Down to the last line, print the data that follows exactly, without its pictures.

Collected material

========

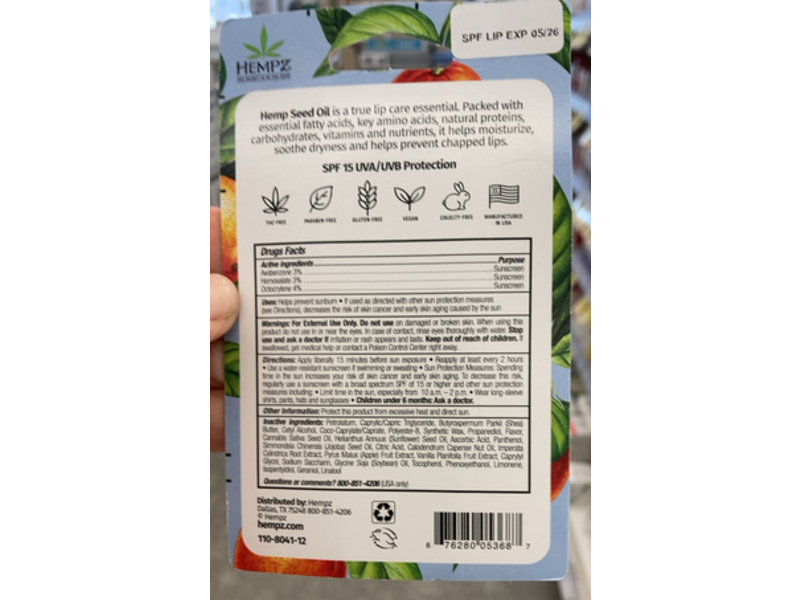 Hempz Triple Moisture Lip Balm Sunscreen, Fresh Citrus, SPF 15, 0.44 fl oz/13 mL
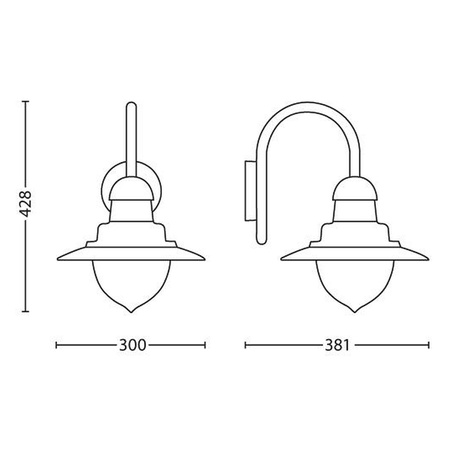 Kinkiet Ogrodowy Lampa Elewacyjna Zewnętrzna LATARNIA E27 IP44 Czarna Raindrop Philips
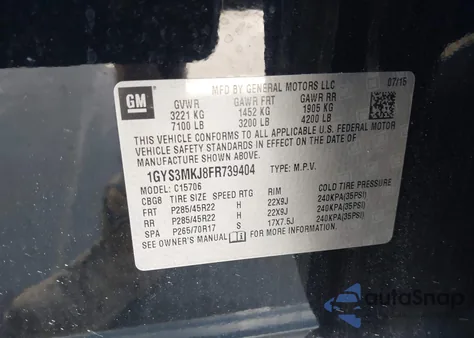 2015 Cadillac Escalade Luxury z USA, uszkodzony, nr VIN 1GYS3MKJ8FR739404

========

Reply to the task
 Hempz Triple Moisture Lip Balm Sunscreen, Fresh Citrus, SPF 15, 0.44 fl oz/13 mL
 Kinkiet Ogrodowy Lampa Elewacyjna Zewnętrzna LATARNIA E27 IP44 Czarna Raindrop Philips
 2015 Cadillac Escalade Luxury z USA, uszkodzony, nr VIN 1GYS3MKJ8FR739404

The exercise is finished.